(TASK GOAL) Output each line exactly as written, from the first line of the records to the line bearing "Maglione in filato", inclusive, while leaving every picture out.

(Image-text web data)
*** Begin section ***

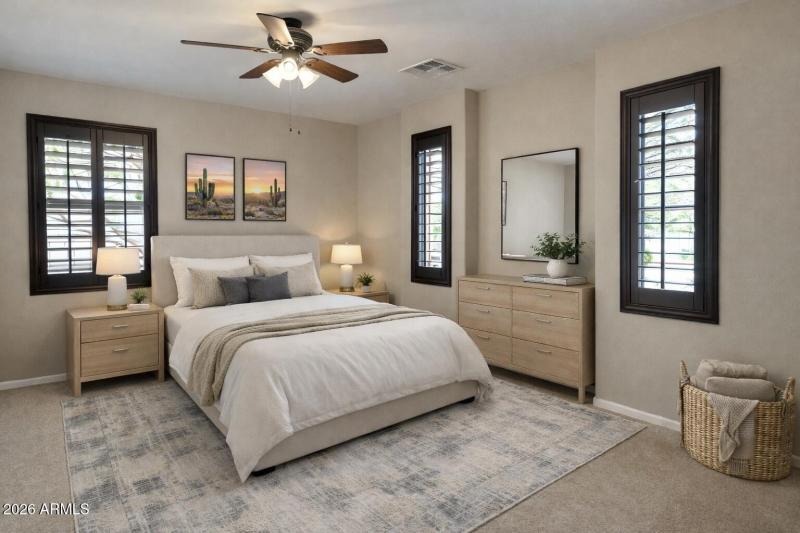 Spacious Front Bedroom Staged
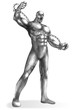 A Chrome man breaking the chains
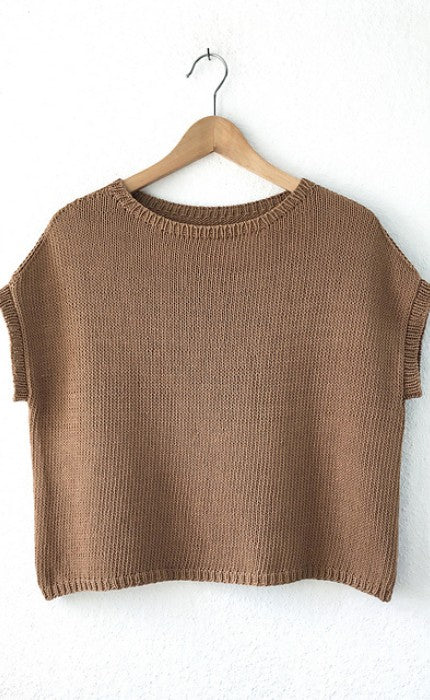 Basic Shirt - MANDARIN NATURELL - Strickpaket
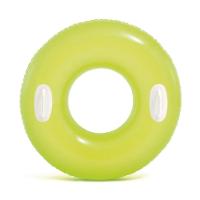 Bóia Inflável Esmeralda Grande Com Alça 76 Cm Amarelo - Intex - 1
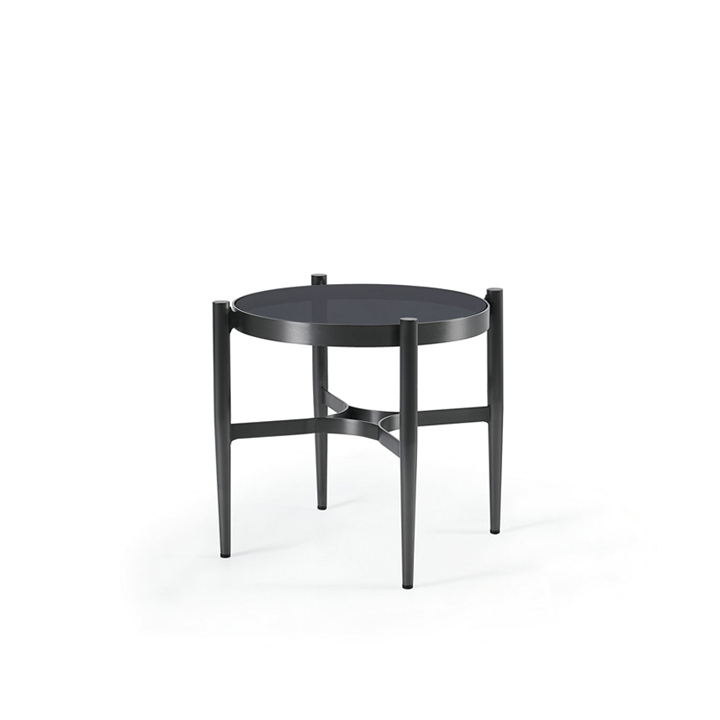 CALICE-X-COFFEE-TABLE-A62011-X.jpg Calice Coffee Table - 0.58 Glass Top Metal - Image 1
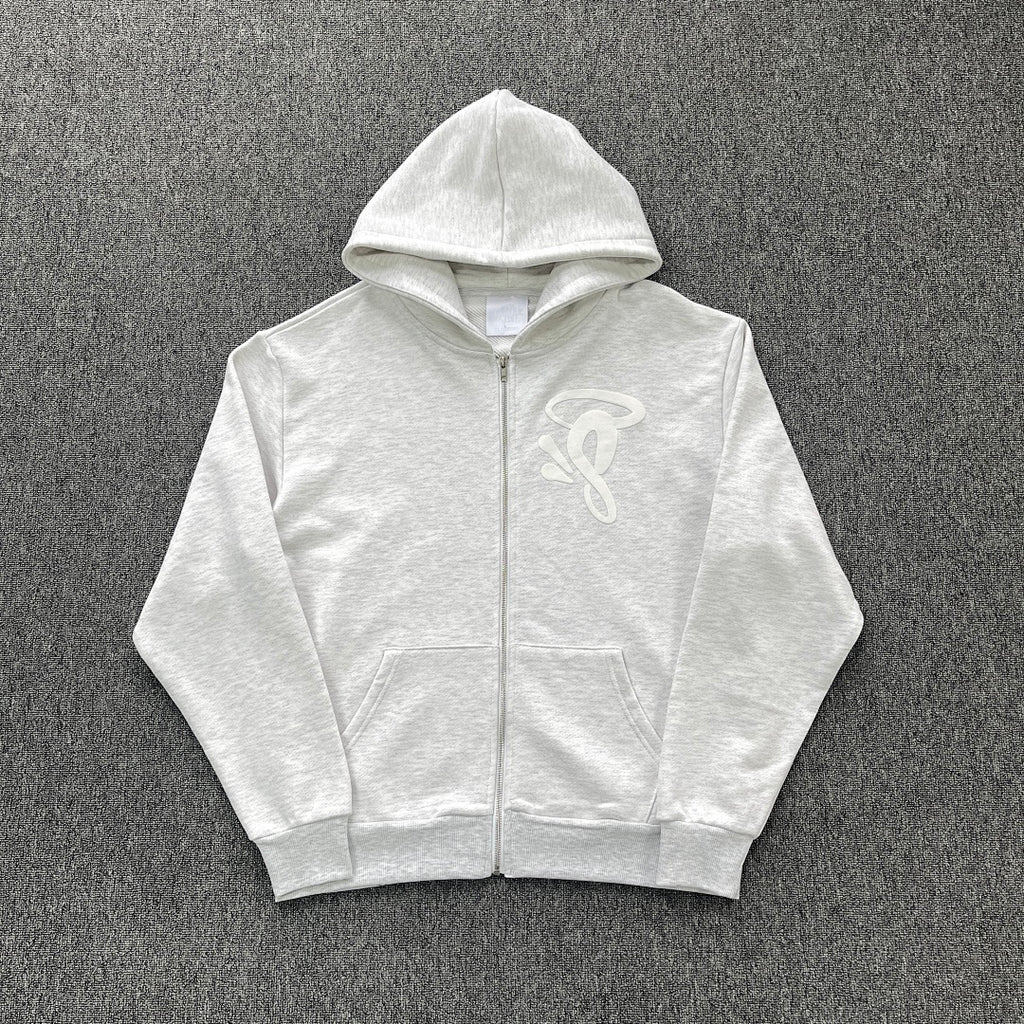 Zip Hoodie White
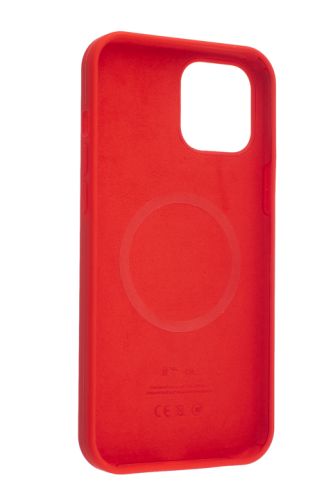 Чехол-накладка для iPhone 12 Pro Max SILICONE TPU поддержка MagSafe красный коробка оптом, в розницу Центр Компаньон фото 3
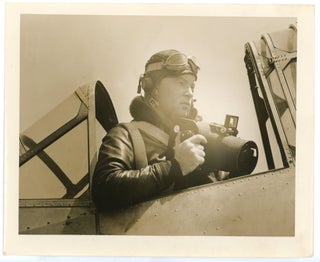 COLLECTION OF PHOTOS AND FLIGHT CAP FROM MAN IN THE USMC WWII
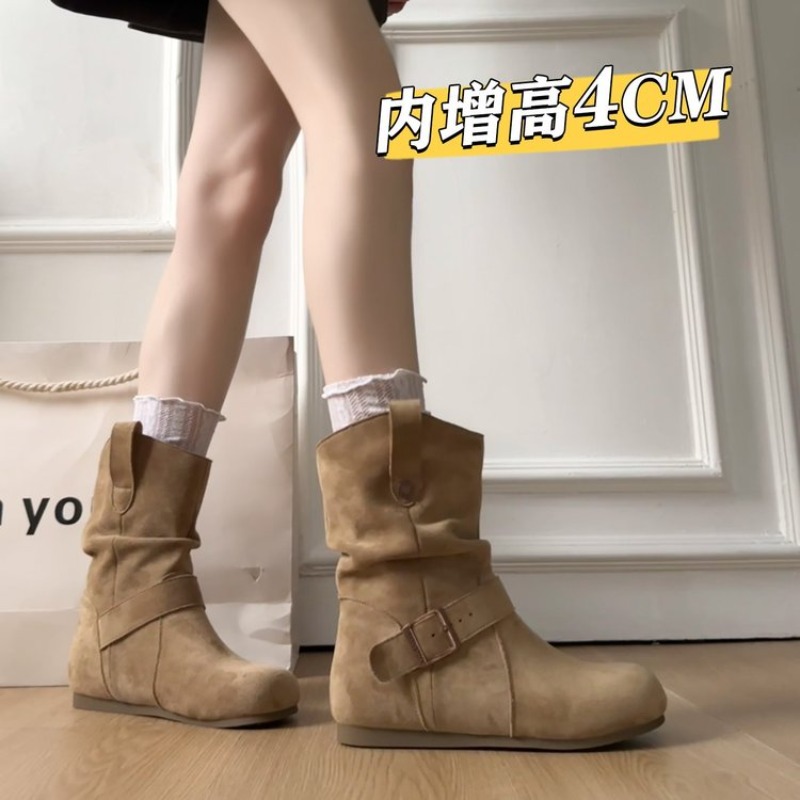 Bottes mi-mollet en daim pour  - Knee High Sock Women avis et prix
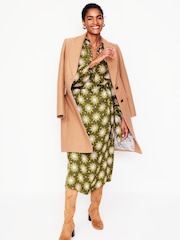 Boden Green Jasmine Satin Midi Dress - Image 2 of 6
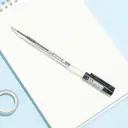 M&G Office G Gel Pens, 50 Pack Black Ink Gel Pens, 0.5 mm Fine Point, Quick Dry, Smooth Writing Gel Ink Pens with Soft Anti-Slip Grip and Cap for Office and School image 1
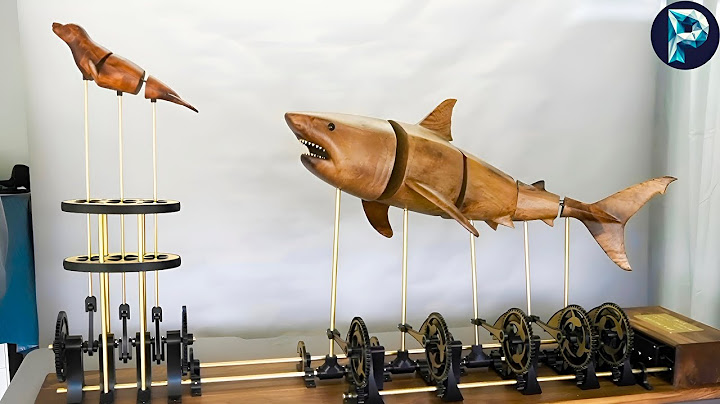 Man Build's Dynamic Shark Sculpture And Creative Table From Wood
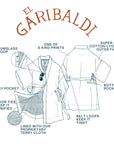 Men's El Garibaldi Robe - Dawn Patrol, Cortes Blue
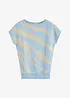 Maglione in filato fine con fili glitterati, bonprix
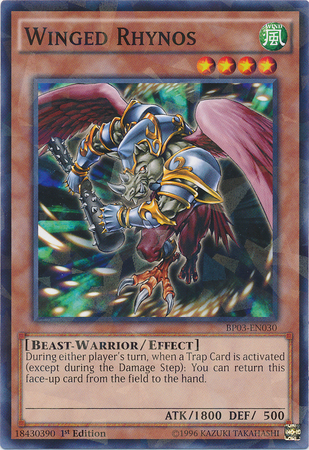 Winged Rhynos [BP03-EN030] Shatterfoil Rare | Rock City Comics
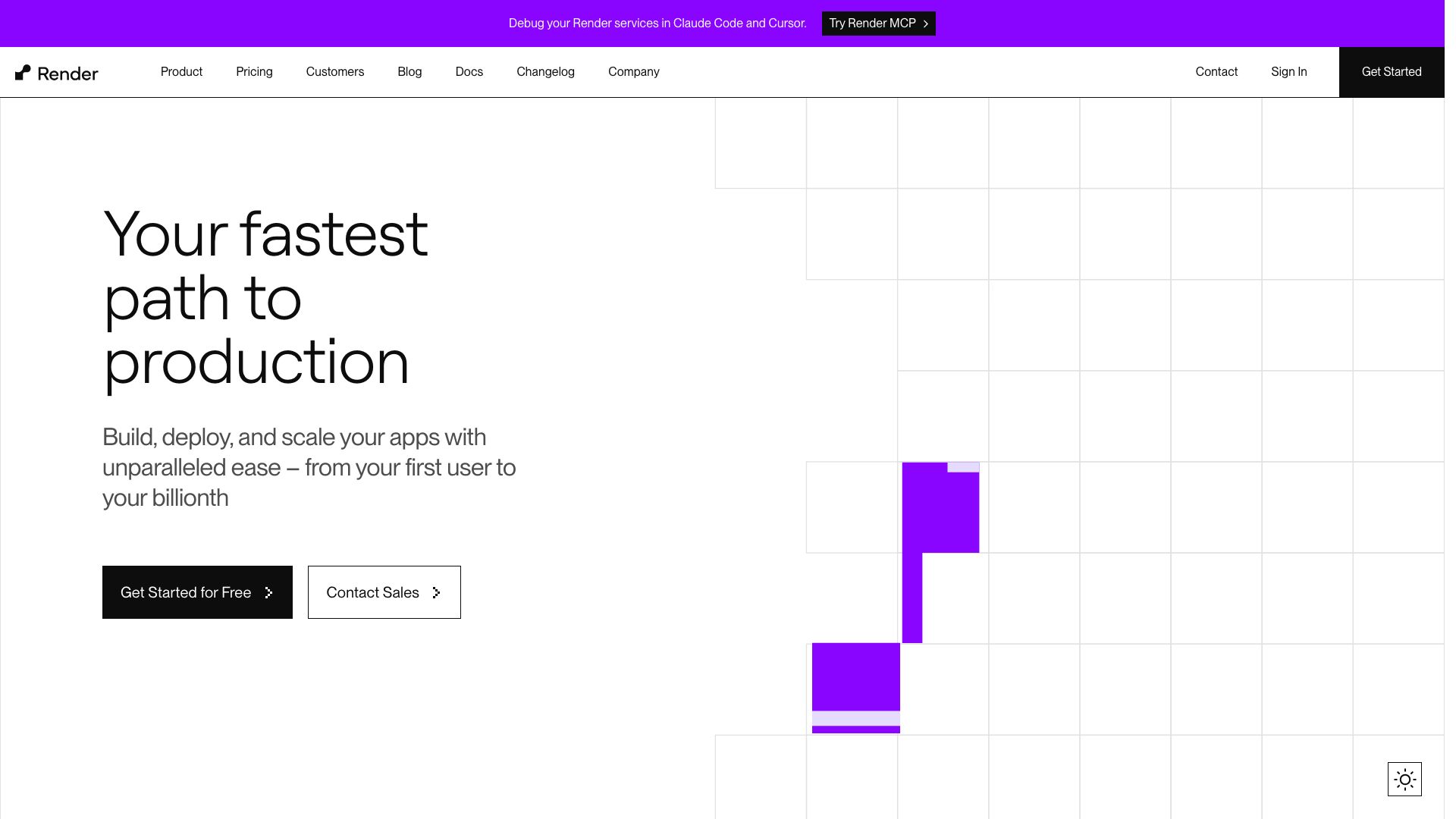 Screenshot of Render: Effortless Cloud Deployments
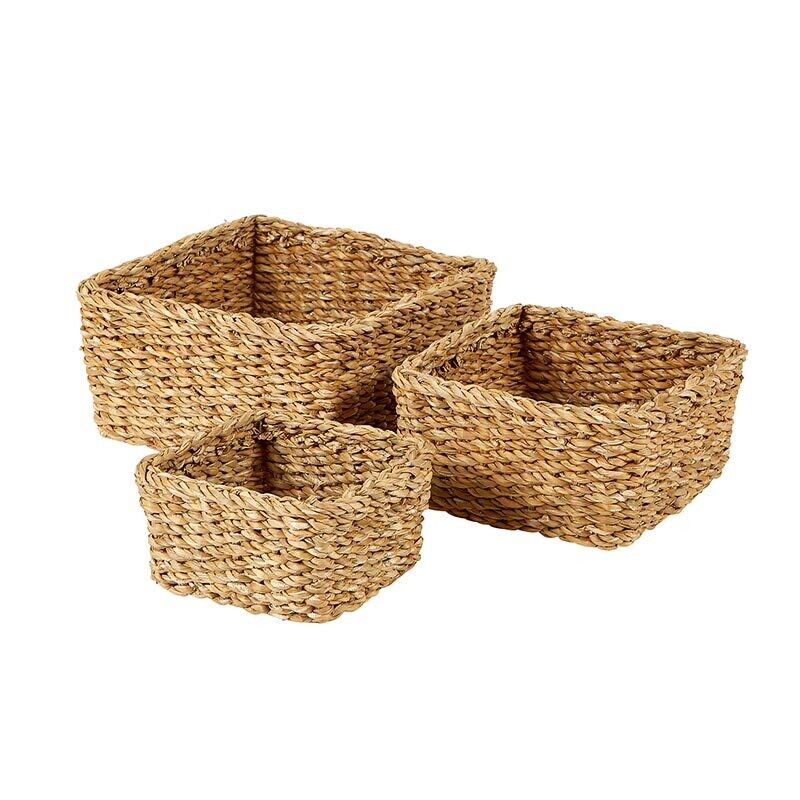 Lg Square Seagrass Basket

*** End section ***

(RESULT OF THIS TASK)
 Spacious Front Bedroom Staged
 A Chrome man breaking the chains
 Basic Shirt - MANDARIN NATURELL - Strickpaket
 Bóia Inflável Esmeralda Grande Com Alça 76 Cm Amarelo - Intex - 1
 CALICE-X-COFFEE-TABLE-A62011-X.jpg Calice Coffee Table - 0.58 Glass Top Metal - Image 1
 Zip Hoodie White
 Чехол-накладка для iPhone 12 Pro Max SILICONE TPU поддержка MagSafe красный коробка оптом, в розницу Центр Компаньон фото 3
 COLLECTION OF PHOTOS AND FLIGHT CAP FROM MAN IN THE USMC WWII
 Bottes mi-mollet en daim pour  - Knee High Sock Women avis et prix
 Boden Green Jasmine Satin Midi Dress - Image 2 of 6
 M&G Office G Gel Pens, 50 Pack Black Ink Gel Pens, 0.5 mm Fine Point, Quick Dry, Smooth Writing Gel Ink Pens with Soft Anti-Slip Grip and Cap for Office and School image 1
 Man Build's Dynamic Shark Sculpture And Creative Table From Wood
 Men's El Garibaldi Robe - Dawn Patrol, Cortes Blue
 Maglione in filato fine con fili glitterati, bonprix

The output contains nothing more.